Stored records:
┄┄┄┄┄┄┄┄┄┄
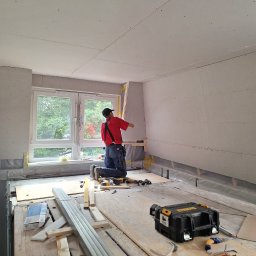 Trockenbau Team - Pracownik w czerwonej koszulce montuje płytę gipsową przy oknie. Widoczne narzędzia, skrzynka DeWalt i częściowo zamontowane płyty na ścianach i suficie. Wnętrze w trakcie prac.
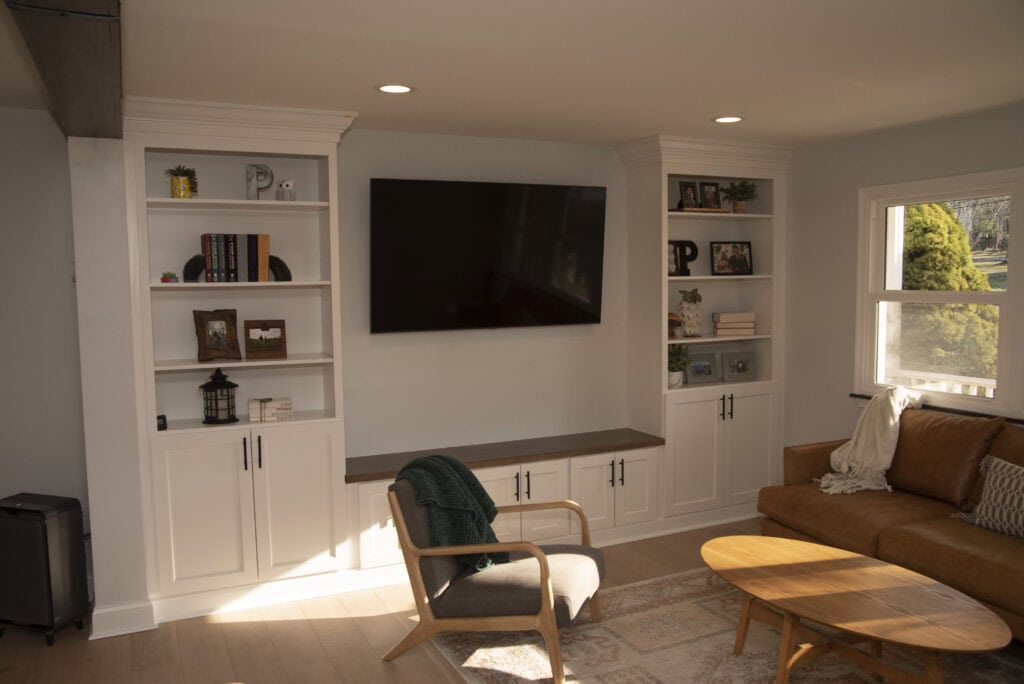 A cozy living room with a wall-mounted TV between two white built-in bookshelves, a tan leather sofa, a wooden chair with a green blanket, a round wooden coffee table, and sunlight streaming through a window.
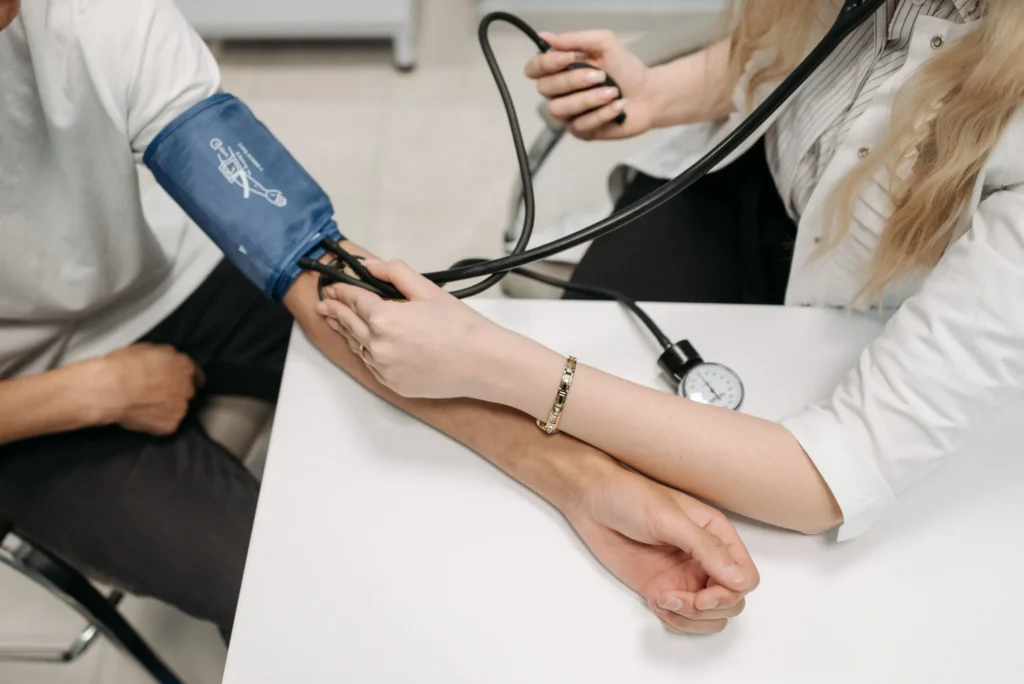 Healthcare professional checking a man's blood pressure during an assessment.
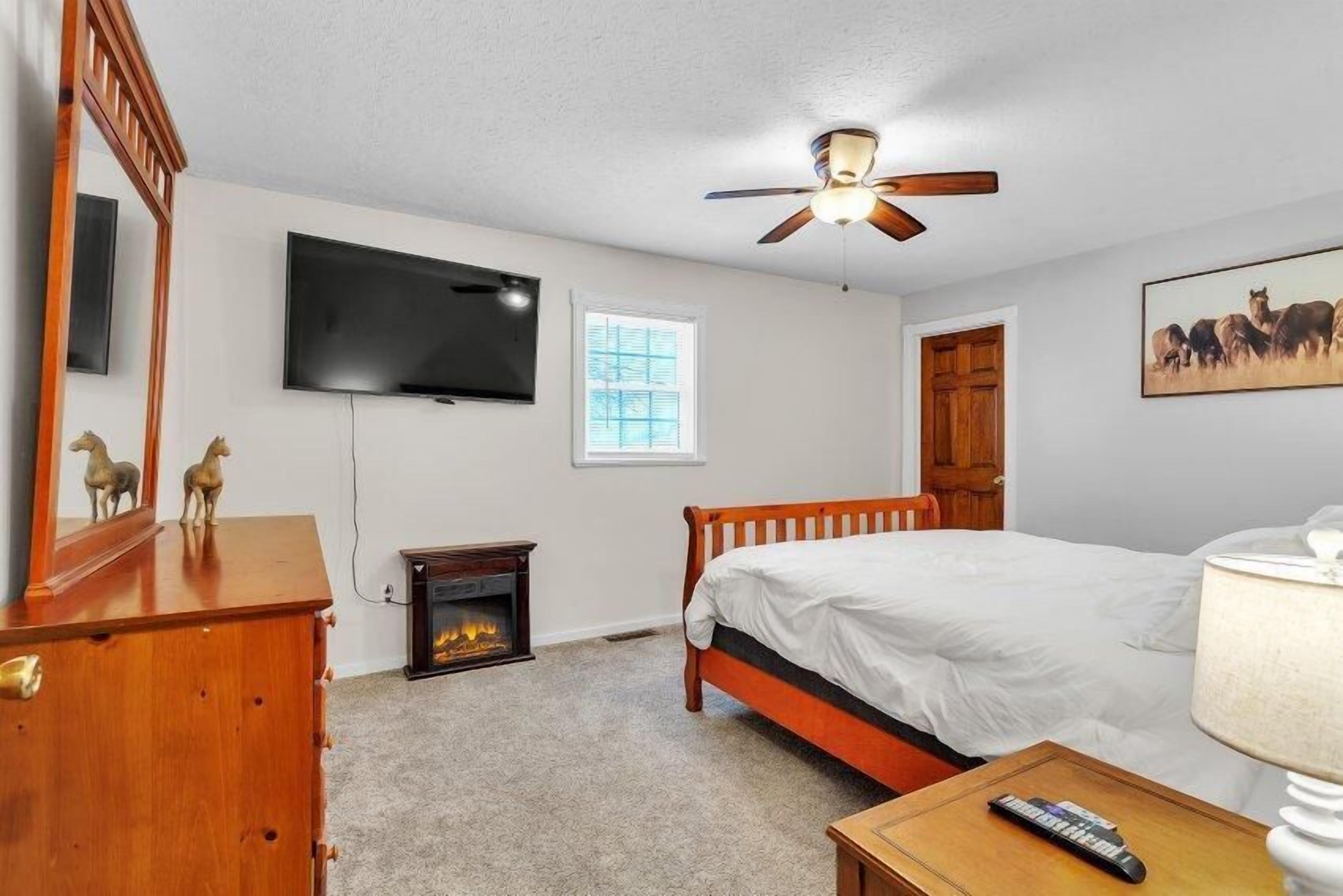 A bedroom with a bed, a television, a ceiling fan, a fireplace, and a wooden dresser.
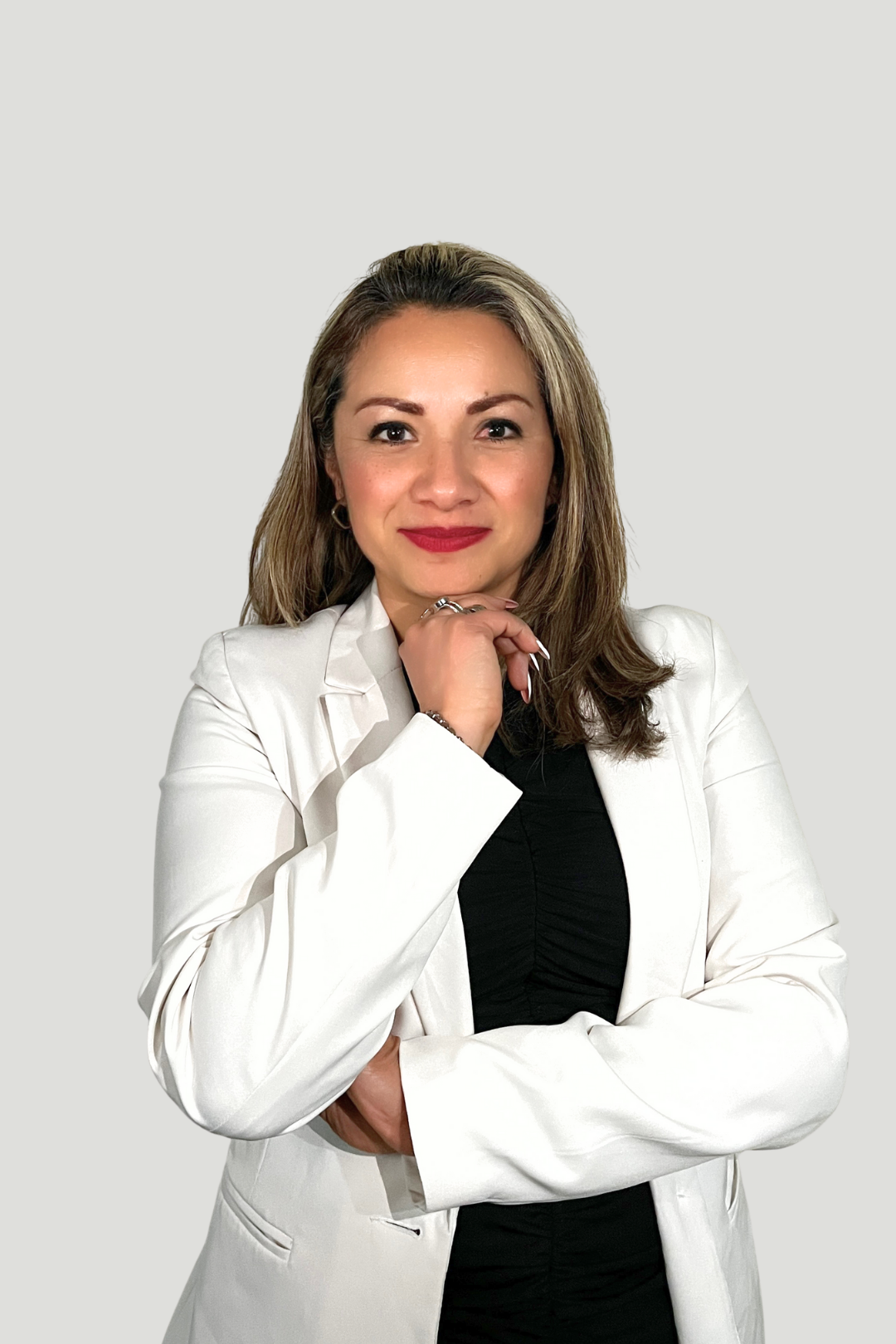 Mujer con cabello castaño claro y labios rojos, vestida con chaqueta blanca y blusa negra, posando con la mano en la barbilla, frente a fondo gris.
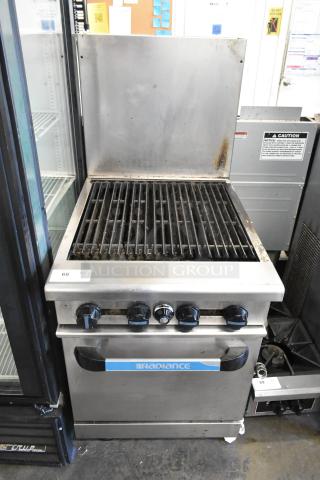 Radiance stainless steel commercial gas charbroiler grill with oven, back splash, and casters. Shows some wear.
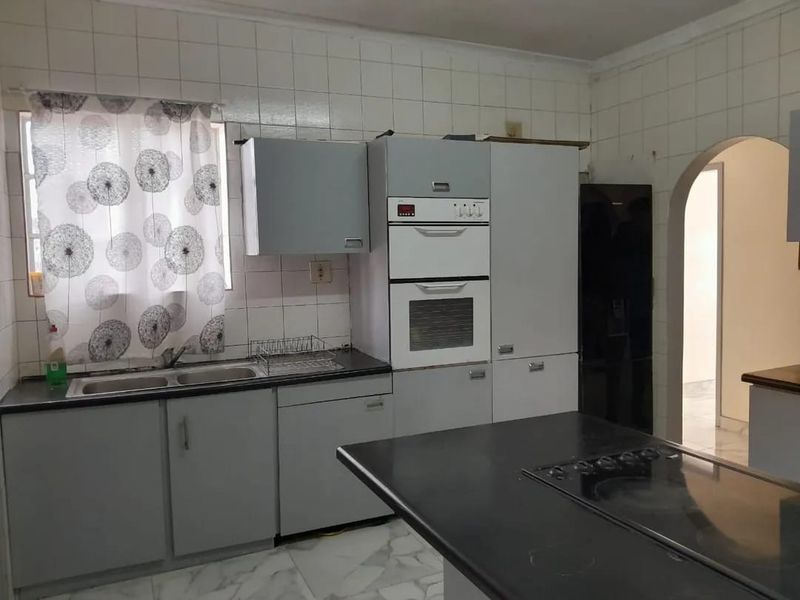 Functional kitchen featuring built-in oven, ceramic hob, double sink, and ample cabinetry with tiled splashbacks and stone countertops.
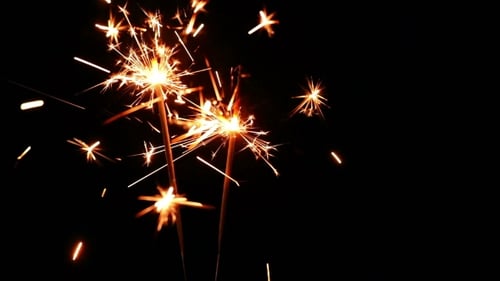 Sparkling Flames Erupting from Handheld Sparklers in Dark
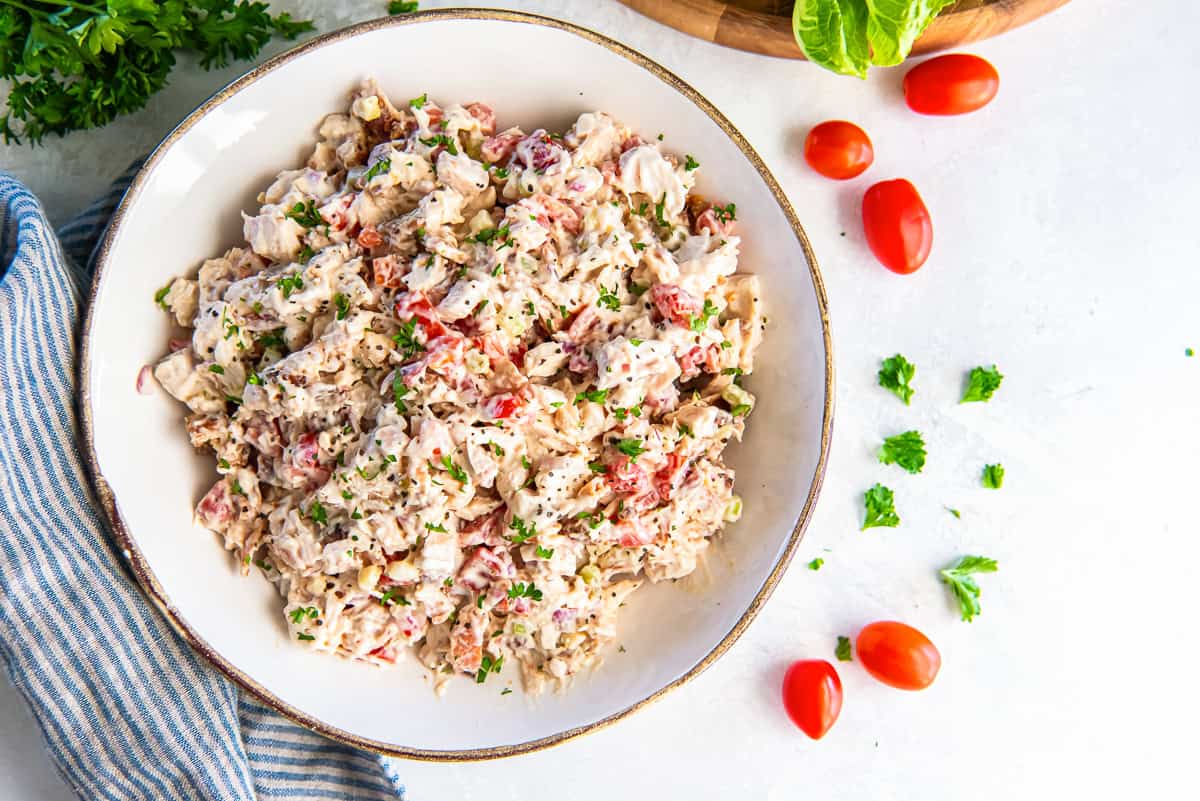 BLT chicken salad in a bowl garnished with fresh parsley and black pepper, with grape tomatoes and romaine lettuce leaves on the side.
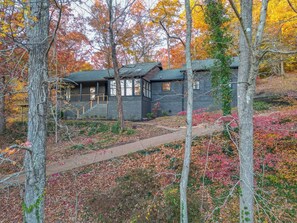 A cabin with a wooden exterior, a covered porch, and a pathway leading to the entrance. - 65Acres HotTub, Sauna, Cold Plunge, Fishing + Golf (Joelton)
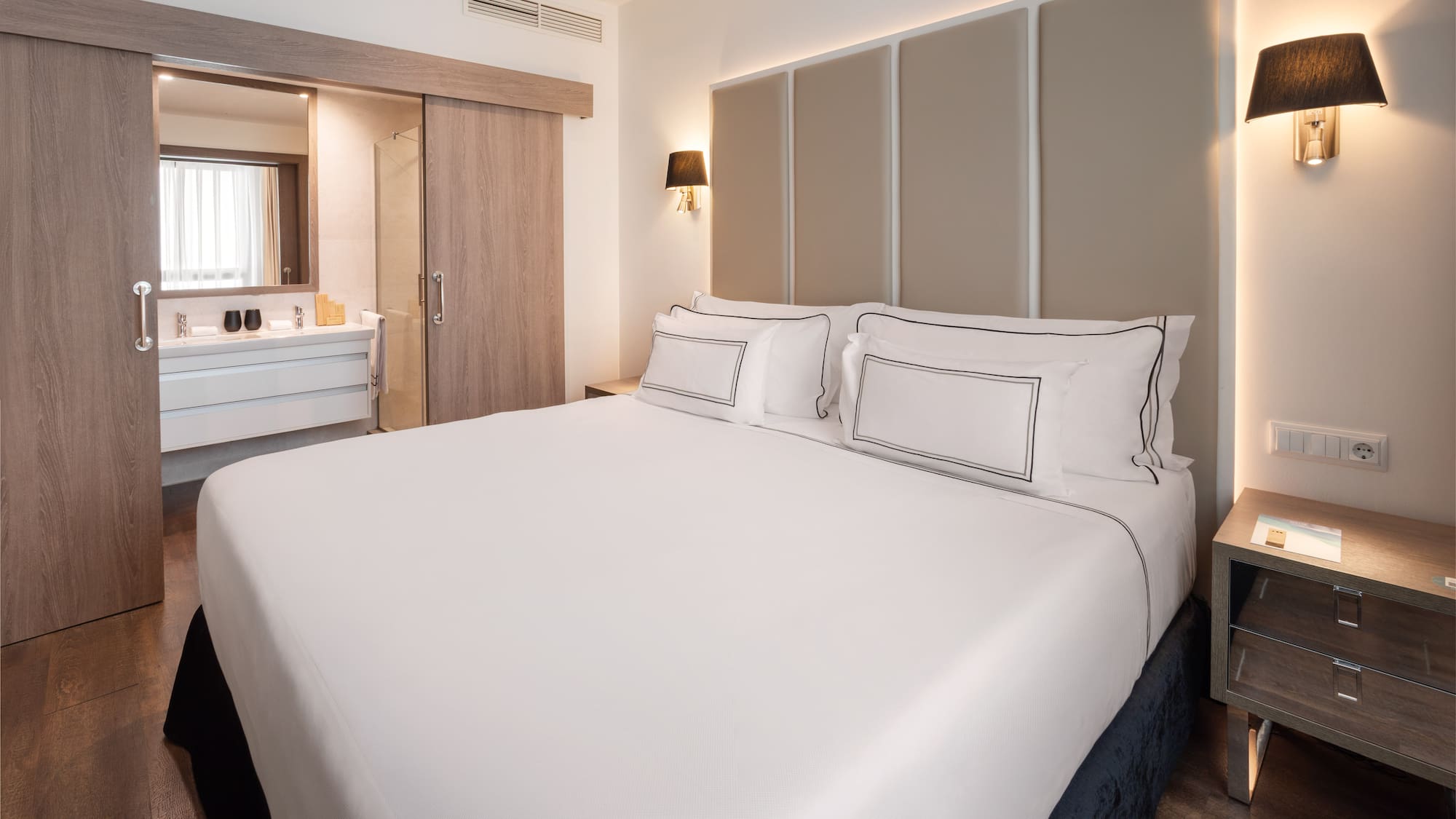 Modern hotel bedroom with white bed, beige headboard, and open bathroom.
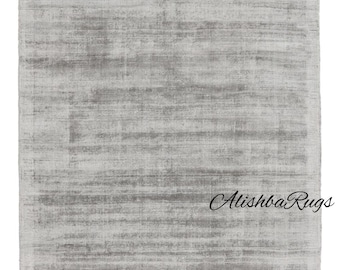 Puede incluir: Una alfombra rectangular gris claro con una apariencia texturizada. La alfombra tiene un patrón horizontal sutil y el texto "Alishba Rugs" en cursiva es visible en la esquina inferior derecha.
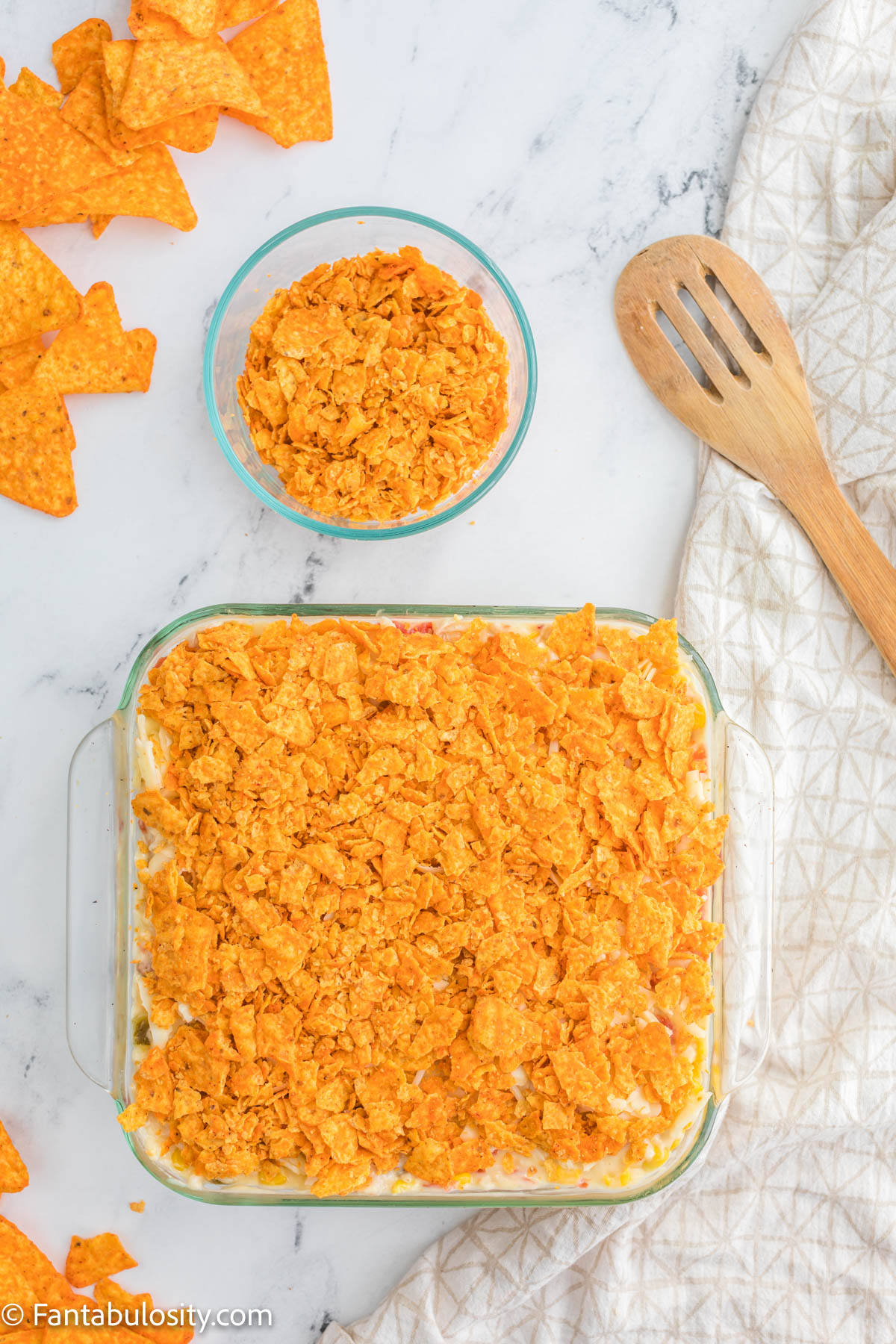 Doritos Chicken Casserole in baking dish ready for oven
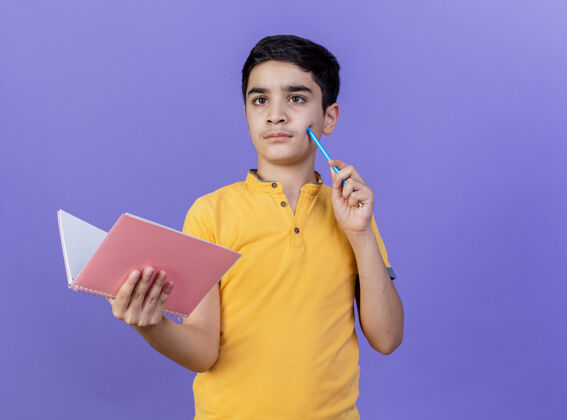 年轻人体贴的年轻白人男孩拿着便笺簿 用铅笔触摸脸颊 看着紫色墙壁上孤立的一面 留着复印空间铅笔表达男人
┄┄┄┄┄┄┄┄┄┄
:: YOUR GOAL ::
Print, without pictures, exactly the lines from the one containing "A bedroom with" through the final line of the records above.

:: ANSWER SECTION ::
 A bedroom with a bed, a television, a ceiling fan, a fireplace, and a wooden dresser.
 Mujer con cabello castaño claro y labios rojos, vestida con chaqueta blanca y blusa negra, posando con la mano en la barbilla, frente a fondo gris.
 Radiance stainless steel commercial gas charbroiler grill with oven, back splash, and casters. Shows some wear.
 Functional kitchen featuring built-in oven, ceramic hob, double sink, and ample cabinetry with tiled splashbacks and stone countertops.
 Sparkling Flames Erupting from Handheld Sparklers in Dark
 BLT chicken salad in a bowl garnished with fresh parsley and black pepper, with grape tomatoes and romaine lettuce leaves on the side.
 A cabin with a wooden exterior, a covered porch, and a pathway leading to the entrance. - 65Acres HotTub, Sauna, Cold Plunge, Fishing + Golf (Joelton)
 Modern hotel bedroom with white bed, beige headboard, and open bathroom.
 Puede incluir: Una alfombra rectangular gris claro con una apariencia texturizada. La alfombra tiene un patrón horizontal sutil y el texto "Alishba Rugs" en cursiva es visible en la esquina inferior derecha.
 Doritos Chicken Casserole in baking dish ready for oven
 年轻人体贴的年轻白人男孩拿着便笺簿 用铅笔触摸脸颊 看着紫色墙壁上孤立的一面 留着复印空间铅笔表达男人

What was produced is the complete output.